• [What to work on]:
Once you find the line with "Understanding Sciatic Nerve" in the entries below, return exactly every line from it through the line with "Красные пятна на".

• [Records supplied]:
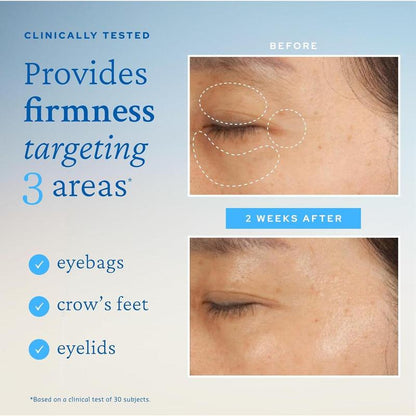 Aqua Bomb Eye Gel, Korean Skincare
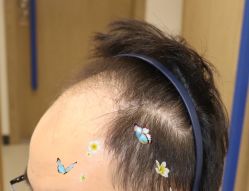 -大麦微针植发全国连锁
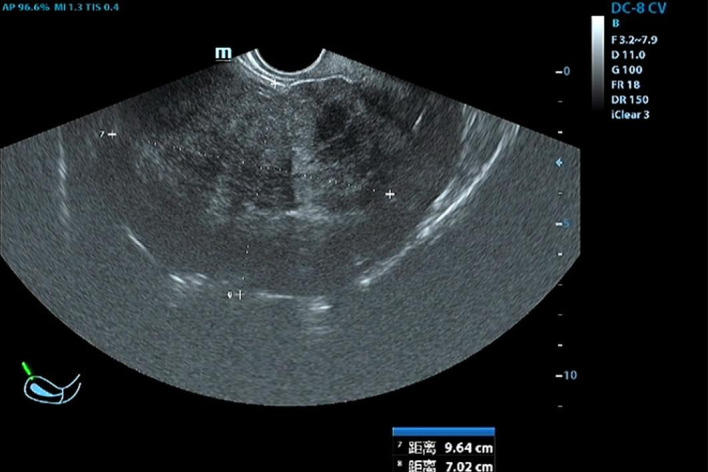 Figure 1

...

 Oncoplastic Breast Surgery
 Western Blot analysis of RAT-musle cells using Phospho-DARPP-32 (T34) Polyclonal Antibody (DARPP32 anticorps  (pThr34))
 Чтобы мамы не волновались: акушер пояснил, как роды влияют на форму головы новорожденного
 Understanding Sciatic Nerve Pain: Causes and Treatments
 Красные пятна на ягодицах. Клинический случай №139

---

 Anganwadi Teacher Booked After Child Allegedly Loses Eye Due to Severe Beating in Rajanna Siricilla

• [Task answer]:
 Understanding Sciatic Nerve Pain: Causes and Treatments
 Красные пятна на ягодицах. Клинический случай №139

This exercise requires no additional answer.